After turning coat on the country that had provided him with a career his entire adult life, he led an army that had the highest casualty rates in the war (no mean feat in a conflict that ugly), partly because of his penchant for vague orders and really dumb frontal assaults like Gettysburg. During the war his soldiers terrorized and enslaved free blacks. He sanctioned atrocities against black Union soldiers, even when it cost his army dearly needed manpower by ending a possible prisoner exchange. After the war he fought against black civil rights and the university he ran hosted an active KKK group that terrorized black people in the surrounding area. Despite finding ways to strictly govern every other aspect of his students’ conduct, he somehow never raised a finger to stop them from running a terrorist cell.
So Lee became the patron saint of “redemption,” the widespread use of terror by ex-Confederates and their sympathizers to crush Reconstruction and civil rights. Lee put a genteel face on a horrific system, one it used to take advantage of American society’s constant forgiveness of both violent racism and any crime perpetrated by rich men in oil paintings. Lee statues cropped up like flies on shit with each crushing of a push for civil rights, his actions were whitewashed in film and media, and the Lost Cause line relentlessly regurgitated even in histories gobbled up by those outside the South.
It was horseshit, of course. The defining issue of his time was the fact that millions of people — including plenty in the South — were locked in a fight about the future of slavery and the society based on it. He picked his side.
Lee’s myth is still used to blunt any push to reckon with past and present, to make it seem like there’s something noble about what he did and fought for. It wasn’t coincidence that Nazis and the KKK gathered around his statue in Charlottesville; he remains the icon of segregation.
‘Every last one of them should be killed’
Indeed, to put up that edifice of lies, the “redeemers” had to declare war on the past as well as the present. They had to eradicate the history of the antebellum period, of Southerners who fought against the Confederacy, of the black liberation struggles that made slavery a dying system on the ground and pushed emancipation towards reality. Finally, they had to erase the reality of their own actions after the war.

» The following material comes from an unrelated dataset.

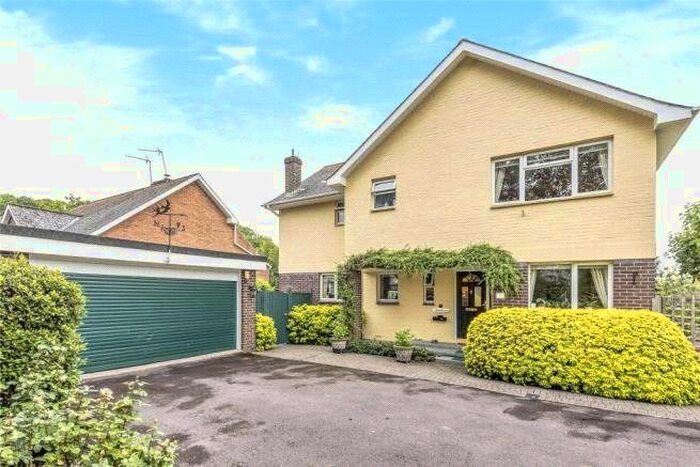 3 Bedroom Detached House To Rent In Trafalgar Way, Stockbridge, Hampshire, SO20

Occasionally there’s a historical marker to the above, but rarely the kind you see for the regime. Indeed, there’s one such small memorial just north of Asheville, in Madison County, to the Shelton Laurel massacre. I recently wrote about this massacre for Scalawag, and it’s an atrocity reveals the reality of one area the Confederacy was particularly despised: Western North Carolina.
Contrary to later mythology while there weren’t as many slaves in WNC as the rest of the state, they weren’t absent either: they played a key role in the emerging economy, their numbers were growing and local elites were overwhelmingly slave holders. Those aristocrats held a lock on offices from sheriff to senator, with justices of the peace often holding their jobs for life and meting out punishment as they saw fit.
This wasn’t unique. John C. Calhoun, the South Carolina politician who laid the groundwork for the “fire eaters” that rabidly sought slavery’s expansion and infliction, coldly talked about kicking poor farmers off their land to make room for even bigger plantations.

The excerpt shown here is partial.